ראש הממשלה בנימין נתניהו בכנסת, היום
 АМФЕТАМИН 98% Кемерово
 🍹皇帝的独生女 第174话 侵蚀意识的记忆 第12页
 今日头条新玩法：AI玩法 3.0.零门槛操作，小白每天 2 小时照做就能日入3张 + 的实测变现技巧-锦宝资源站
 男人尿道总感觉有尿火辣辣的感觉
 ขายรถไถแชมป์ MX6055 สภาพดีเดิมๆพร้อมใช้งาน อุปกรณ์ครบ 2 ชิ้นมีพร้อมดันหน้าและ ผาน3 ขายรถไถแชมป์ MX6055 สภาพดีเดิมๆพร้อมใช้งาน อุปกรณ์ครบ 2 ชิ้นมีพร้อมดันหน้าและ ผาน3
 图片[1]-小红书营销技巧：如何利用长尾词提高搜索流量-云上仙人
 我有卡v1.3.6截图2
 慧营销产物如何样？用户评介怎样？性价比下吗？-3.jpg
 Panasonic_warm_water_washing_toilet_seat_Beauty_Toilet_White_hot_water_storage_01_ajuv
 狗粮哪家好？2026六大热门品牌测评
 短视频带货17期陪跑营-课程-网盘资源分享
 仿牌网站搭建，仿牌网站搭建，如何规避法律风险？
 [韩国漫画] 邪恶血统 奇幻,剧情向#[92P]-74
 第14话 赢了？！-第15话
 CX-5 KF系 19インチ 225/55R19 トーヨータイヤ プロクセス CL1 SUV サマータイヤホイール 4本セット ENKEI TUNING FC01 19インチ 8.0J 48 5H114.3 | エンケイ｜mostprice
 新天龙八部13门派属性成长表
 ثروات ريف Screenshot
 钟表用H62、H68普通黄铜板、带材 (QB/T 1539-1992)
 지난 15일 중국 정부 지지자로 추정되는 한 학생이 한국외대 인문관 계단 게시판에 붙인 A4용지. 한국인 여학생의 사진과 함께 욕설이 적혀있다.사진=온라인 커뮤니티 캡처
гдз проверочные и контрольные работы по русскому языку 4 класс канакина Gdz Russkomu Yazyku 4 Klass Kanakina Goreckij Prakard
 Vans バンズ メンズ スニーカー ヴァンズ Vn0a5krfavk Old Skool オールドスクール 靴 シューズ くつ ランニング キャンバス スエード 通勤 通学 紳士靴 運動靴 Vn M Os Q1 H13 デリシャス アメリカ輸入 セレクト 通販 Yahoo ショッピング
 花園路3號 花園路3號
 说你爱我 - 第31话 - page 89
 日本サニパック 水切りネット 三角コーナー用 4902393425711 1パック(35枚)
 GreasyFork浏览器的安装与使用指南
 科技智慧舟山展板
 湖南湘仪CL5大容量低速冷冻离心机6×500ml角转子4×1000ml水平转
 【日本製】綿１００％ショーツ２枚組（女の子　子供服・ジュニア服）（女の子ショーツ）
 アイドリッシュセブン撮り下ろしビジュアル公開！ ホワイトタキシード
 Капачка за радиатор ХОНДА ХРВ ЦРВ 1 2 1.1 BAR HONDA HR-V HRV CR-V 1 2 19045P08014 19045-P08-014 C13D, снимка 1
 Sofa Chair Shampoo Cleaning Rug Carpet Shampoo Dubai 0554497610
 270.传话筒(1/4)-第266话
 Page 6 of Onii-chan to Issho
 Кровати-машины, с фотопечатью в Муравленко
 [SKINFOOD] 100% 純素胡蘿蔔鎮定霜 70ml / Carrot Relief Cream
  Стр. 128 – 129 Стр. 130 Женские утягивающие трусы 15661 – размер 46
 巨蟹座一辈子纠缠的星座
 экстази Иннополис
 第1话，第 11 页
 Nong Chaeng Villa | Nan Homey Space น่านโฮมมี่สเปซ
━━━━━━━━━━━━━━━━━━━━━━━━━━━━━━
▸ **Work to be completed**: Copy, please, exactly the lines that start at the first line of the data and end at the line containing "アイドリッシュセブン撮り下ろしビジュアル公開！ ホワイトタキシード", both kept and no others.

▸ **Response area**:
ראש הממשלה בנימין נתניהו בכנסת, היום
 АМФЕТАМИН 98% Кемерово
 🍹皇帝的独生女 第174话 侵蚀意识的记忆 第12页
 今日头条新玩法：AI玩法 3.0.零门槛操作，小白每天 2 小时照做就能日入3张 + 的实测变现技巧-锦宝资源站
 男人尿道总感觉有尿火辣辣的感觉
 ขายรถไถแชมป์ MX6055 สภาพดีเดิมๆพร้อมใช้งาน อุปกรณ์ครบ 2 ชิ้นมีพร้อมดันหน้าและ ผาน3 ขายรถไถแชมป์ MX6055 สภาพดีเดิมๆพร้อมใช้งาน อุปกรณ์ครบ 2 ชิ้นมีพร้อมดันหน้าและ ผาน3
 图片[1]-小红书营销技巧：如何利用长尾词提高搜索流量-云上仙人
 我有卡v1.3.6截图2
 慧营销产物如何样？用户评介怎样？性价比下吗？-3.jpg
 Panasonic_warm_water_washing_toilet_seat_Beauty_Toilet_White_hot_water_storage_01_ajuv
 狗粮哪家好？2026六大热门品牌测评
 短视频带货17期陪跑营-课程-网盘资源分享
 仿牌网站搭建，仿牌网站搭建，如何规避法律风险？
 [韩国漫画] 邪恶血统 奇幻,剧情向#[92P]-74
 第14话 赢了？！-第15话
 CX-5 KF系 19インチ 225/55R19 トーヨータイヤ プロクセス CL1 SUV サマータイヤホイール 4本セット ENKEI TUNING FC01 19インチ 8.0J 48 5H114.3 | エンケイ｜mostprice
 新天龙八部13门派属性成长表
 ثروات ريف Screenshot
 钟表用H62、H68普通黄铜板、带材 (QB/T 1539-1992)
 지난 15일 중국 정부 지지자로 추정되는 한 학생이 한국외대 인문관 계단 게시판에 붙인 A4용지. 한국인 여학생의 사진과 함께 욕설이 적혀있다.사진=온라인 커뮤니티 캡처
гдз проверочные и контрольные работы по русскому языку 4 класс канакина Gdz Russkomu Yazyku 4 Klass Kanakina Goreckij Prakard
 Vans バンズ メンズ スニーカー ヴァンズ Vn0a5krfavk Old Skool オールドスクール 靴 シューズ くつ ランニング キャンバス スエード 通勤 通学 紳士靴 運動靴 Vn M Os Q1 H13 デリシャス アメリカ輸入 セレクト 通販 Yahoo ショッピング
 花園路3號 花園路3號
 说你爱我 - 第31话 - page 89
 日本サニパック 水切りネット 三角コーナー用 4902393425711 1パック(35枚)
 GreasyFork浏览器的安装与使用指南
 科技智慧舟山展板
 湖南湘仪CL5大容量低速冷冻离心机6×500ml角转子4×1000ml水平转
 【日本製】綿１００％ショーツ２枚組（女の子　子供服・ジュニア服）（女の子ショーツ）
 アイドリッシュセブン撮り下ろしビジュアル公開！ ホワイトタキシード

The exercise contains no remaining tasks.